“A Song of Aryador” by J.R.R. Tolkien

The recent dearth of posts is not what I had planned for this month, but is caused by intensive training for my new job. The review for Series 3 of Doctor Who is in the works (as it should have been long ago), and I am happily taking notes on Series 4 now. I am also continuing through George MacDonald’s Lilith, and am finding it as fascinating and perplexing as was Phantastes. And in the realm of webcomics, I have been reading through the famed Gunnerkrigg Court, a story about an intelligent English girl at a very strange boarding school surrounded by the shadows of fairy tales and myths (and a little sci-fi).

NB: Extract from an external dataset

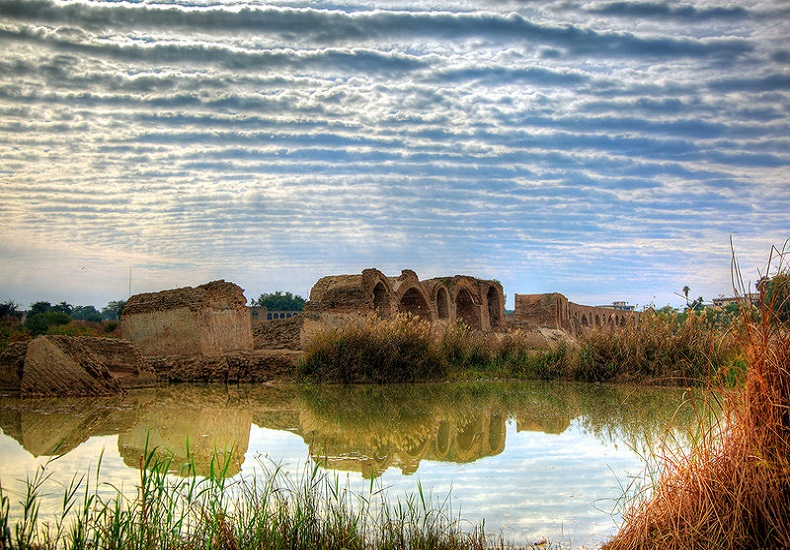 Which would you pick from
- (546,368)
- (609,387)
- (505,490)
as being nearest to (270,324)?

But as you wait for more news on those fronts, I’d like to present an especially beautiful poem by the Professor, and one even less well known than his others.

It is found only in The Book of Lost Tales 1, at the end of the section entitled “The Coming of the Elves.” Christopher Tolkien tells us that it was written in an army camp in Lichenfield on September 12, 1915. It appears to be a song of an ancient group of men about the Lost Elves (those who had not gone to Valinor), whom they feared.

A Song of Aryador

J.R.R. Tolkien

In the vales of Aryador
By the wooded inland shore
Green the lakeward bents and meads
Sloping down to murmurous reeds
That whisper in the dusk o’er Aryador:

‘Do you hear the many bells
Of the goats upon the fells
Where the valley tumbles downward from the pines?
Do you hear the blue woods moan
When the Sun has gone alone
To hunt the mountain-shadows in the pines?

She is lost among the hills
And the upland slowly fills
With the shadow-folk that murmur in the fern;
And still there are the bells
And the voices on the fells
While Eastward a few stars begin to burn.

Men are kindling tiny gleams
Far below by mountain-streams
Where they dwell among the beechwoods near the shore,
But the great woods on the height
Watch the waning western light
And whisper to the wind of things of yore,

When the valley was unknown,
And the waters roared alone,
And the shadow-folk danced downward all the night,
When the Sun fared abroad
Through great forests unexplored
And the woods were full of wandering beams of light.

Then were voices in the fells
And a sound of ghostly bells
And a march of shadow-people o’er the height.
In the mountains by the shore
In forgotten Aryador
There was dancing and was ringing;
There were shadow-people singing
Ancient songs of olden gods in Aryador.’